Sure, keep reminding me I can't get SNY in South Jersey.


----------



## Hound (Mar 20, 2005)

RasputinAXP said:


> Sure, keep reminding me I can't get SNY in South Jersey.


E* does not provide SNY in Central NJ either. But D*, Verizon and Comcast do.


----------



## purtman (Sep 19, 2006)

Richard King said:


> That's too bad.


What do you mean by this? You're usually a pretty straight shooter so I was wondering what the comment meant. Thanks!


----------



## BattleZone (Nov 13, 2007)

purtman said:


> What do you mean by this? You're usually a pretty straight shooter so I was wondering what the comment meant. Thanks!


He means that Charlie's "negotiations" often result in Dish not carrying programming that other services carry, because Charlie refuses to pay the asking price, leaving Dish customers without the option to get that programming at any price.


----------



## clyde sauls (Nov 16, 2007)

my other half didnt really care whether channels were in hd or not. After CNN came in Hd . One day he stated there sure is a difference. I have dish and have on CNN right now and the Hd channel is super.


----------



## RasputinAXP (Jan 23, 2008)

Hound said:


> E* does not provide SNY in Central NJ either. But D*, Verizon and Comcast do.


I'm still waiting for MSG HD too. *sigh*


----------



## jdubbyap (Feb 2, 2008)

Well I had E* installed on Wednesday and I must say aside from missing FX & Spike in HD, the switch was a very smart one. I see no depreciation in PQ from DirecTV on the HD side of things, but can't say the same for SD. Fortunately I went with the DishHD package so SD isn't a major concern. The ViP722 is 10X better than the HR20 with the exception of the tedious process in scheduling a recording. Overall I am very pleased.


----------



## archer75 (Oct 13, 2006)

The last time I had direct was almost 2 years ago when I switched to dish. I found the HD picture quality to be the same but Dish had signficantly better SD picture quality. I watch it on a front projector so when everything is as large as it is I can see a difference. 

I dumped Direct because to get the MPEG4 receivers i'd have to give up my Direct Tivo and the new Direct hardware at the time was horrible. If they stayed with Tivo i'd probably still be there. 
But the Dish DVR is great too.


----------



## TBoneit (Jul 27, 2006)

jdubbyap said:


> Well I had E* installed on Wednesday and I must say aside from missing FX & Spike in HD, the switch was a very smart one. I see no depreciation in PQ from DirecTV on the HD side of things, but can't say the same for SD. Fortunately I went with the DishHD package so SD isn't a major concern. The ViP722 is 10X better than the HR20 with the exception of the tedious process in scheduling a recording. Overall I am very pleased.

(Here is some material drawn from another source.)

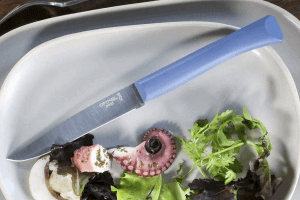 Couteau de table Opinel Bon Appétit + lame 11cm en inox manche en polymère bleu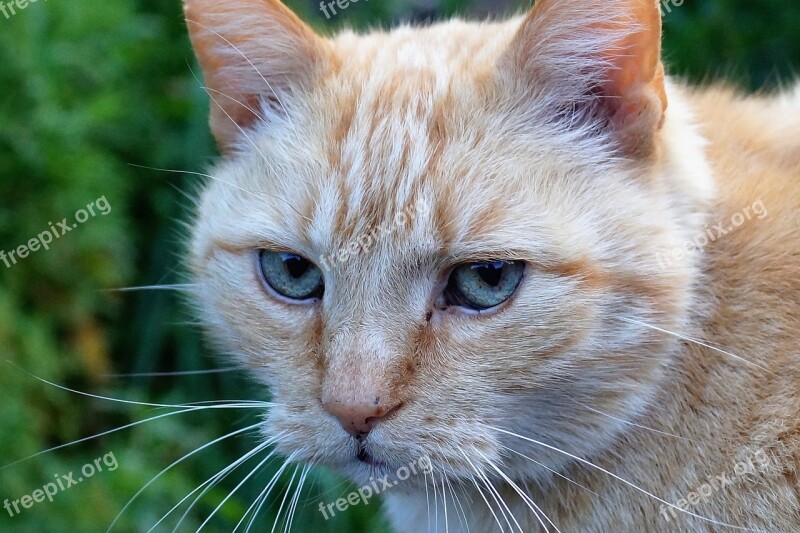 Cat Redheaded Pet Tomcat Head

Tedious process to scheduling a recording? Highlight the item to be scheduled in the guide, press the record button select once, new, etc. on recurring types of shows. On movies press the record button and hit the big Select button and done. or use search and the same options apply. I haven't found it tedious at all.


----------



## Jason Nipp (Jun 10, 2004)

RAD said:


> FYI - D*'s said D12 will go up in 2009 for more HD capacity.


E*11 goes up this month. I don't understand your point RAD. E* also has two birds ready to go up. Too bad E* lost the last SES bird..., which was completely out of their control. In any case E* does have some extra capacity right now. Contracts and such...


----------



## RAD (Aug 5, 2002)

Jason Nipp said:


> E*11 goes up this month. I don't understand your point RAD. E* also has two birds ready to go up. Too bad E* lost the last SES bird..., which was completely out of their control. In any case E* does have some extra capacity right now. Contracts and such...


If you'd read the quote I was responding to which was _"DirecTV11, the last of their 4-satellite HD expansion, is due to come online shortly." _I was pointing out that D* has said they will now use D12 to more HD capacity so it's not the last of thier HD expansion. Do you under stand now?

Now with that out of the way, how much will these 'two birds' go toward actually providing increased capacity to provide new channels vs. providing capacity for the 'eastern arc' which will require much duplication of programming to keep both the old infrastructure and the new eastern arc going?


----------



## BattleZone (Nov 13, 2007)

E11 is going to 110, allowing one of the birds there to be moved to support Eastern Arc. Ciel 2 is going to 129 to replace failing E5, and will add 4 transponders of capacity, since there are currently 4 broken ones on E5.

Thus, these two launches won't create a substantial amount of new bandwidth (not counting the duplication needed for Eastern Arc).

D11 is adding a bunch of CONUS-wide transponder space, plus some spot beams, which *is* a significant capacity upgrade for DirecTV.

Dish does have some true expansion plans, including some Ka-capable satellites, coming down the pike, but they're quite a ways out. Getting a satellite into space is a LONG process...


----------



## James Long (Apr 17, 2003)

DISH currently (today) has space for 20 odd channels of HD (15 of them were Voom and there were some other test channels when the last batch of "22" were added). What is the point of complaining about DISH not adding a lot more bandwidth with their launches when they have unused bandwidth NOW for any channel they need to add?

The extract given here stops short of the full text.